キリストの幼時からCoventry Carol へ

今年はベルリオーズの「キリストの幼時」を、クリスマスに聴く曲とした。
このオラトリオの題材は、古代ユダヤのヘロデという王が、救世主キリストの誕生を恐れ、国内の2歳児以下の幼児を全て虐殺したという、旧約聖書の中の話によるもの。

キリストとその両親は、このことを察知し、エジプトに逃れたというから、もしヘロデに虐殺されていたならば、今のキリスト教は存在しないことにおなる。

したがって、キリスト教にとっては重要な逸話であり、この時運悪く虐殺の対象となった幼児は全て聖人とされるほどである。

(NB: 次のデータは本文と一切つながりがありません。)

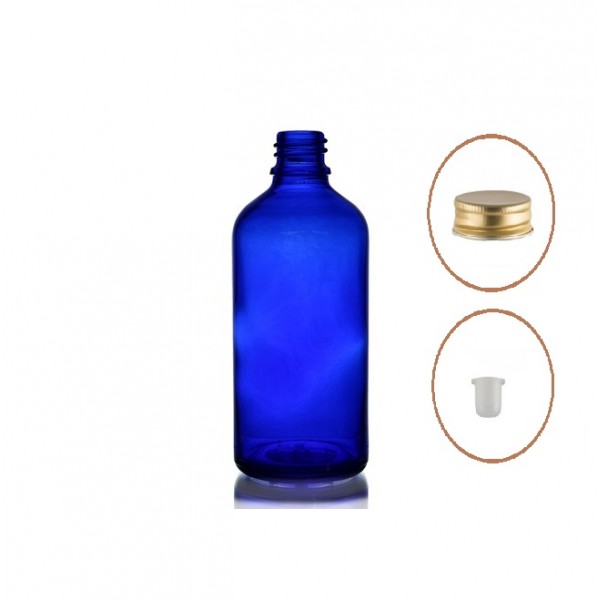 50ml-kahverengi-cam-sise-gold-metal-duz-kapakli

クリスマスに相応しいか否かはさておき、広い意味での宗教的雰囲気を持つ曲は、どれを聴いても似合っているように、小生は思っている。

かつてはM・Aシャルパンティエの「真夜中のミサ」が、そして最近ではヘクトル・ザズーの「light in the dark」がお気に入りだったし、フランスのキャロルもその中に入っていた。

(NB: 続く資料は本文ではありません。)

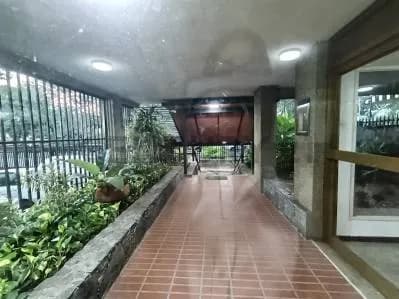EN VENTA APARTAMENTO EN CAURIMARE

ベルリオーズという人の作品は、小生はあまり好んで聴くことはないのだが、この「キリストの幼時」は昔からとても気になる存在で、本日聴けたことは誠に喜ばしいことだ。

ベルリオーズにおける宗教性は、卑近なところでは「幻想交響曲」中の、「神の怒りの日」の引用であろうが、他の作品には小生の知る限り・・・「レクイエム」を除き、あまり見受けられないと思う。・・・いや、近年になってから初演された「荘厳ミサ」があるが。

ベルリオーズがなぜこの題材を選択したのかを、今知ることはかなわないが、そのヒントの1つとなりそうなものを発見した。

それが16世紀イギリスの古いクリスマスキャロル:コヴェントリー・キャロル :Coventry Carolである。

この中で歌われる内容が、まさに「キリストの幼時」と同じ題材から取られているのだ。

虐殺の悲劇とキリストのエジプト逃避行を歌ったものが、クリスマスキャロルとして歌われるほど、聖書の中の逸話の中でも、特に世の人々に受け入れられてきたのであろう。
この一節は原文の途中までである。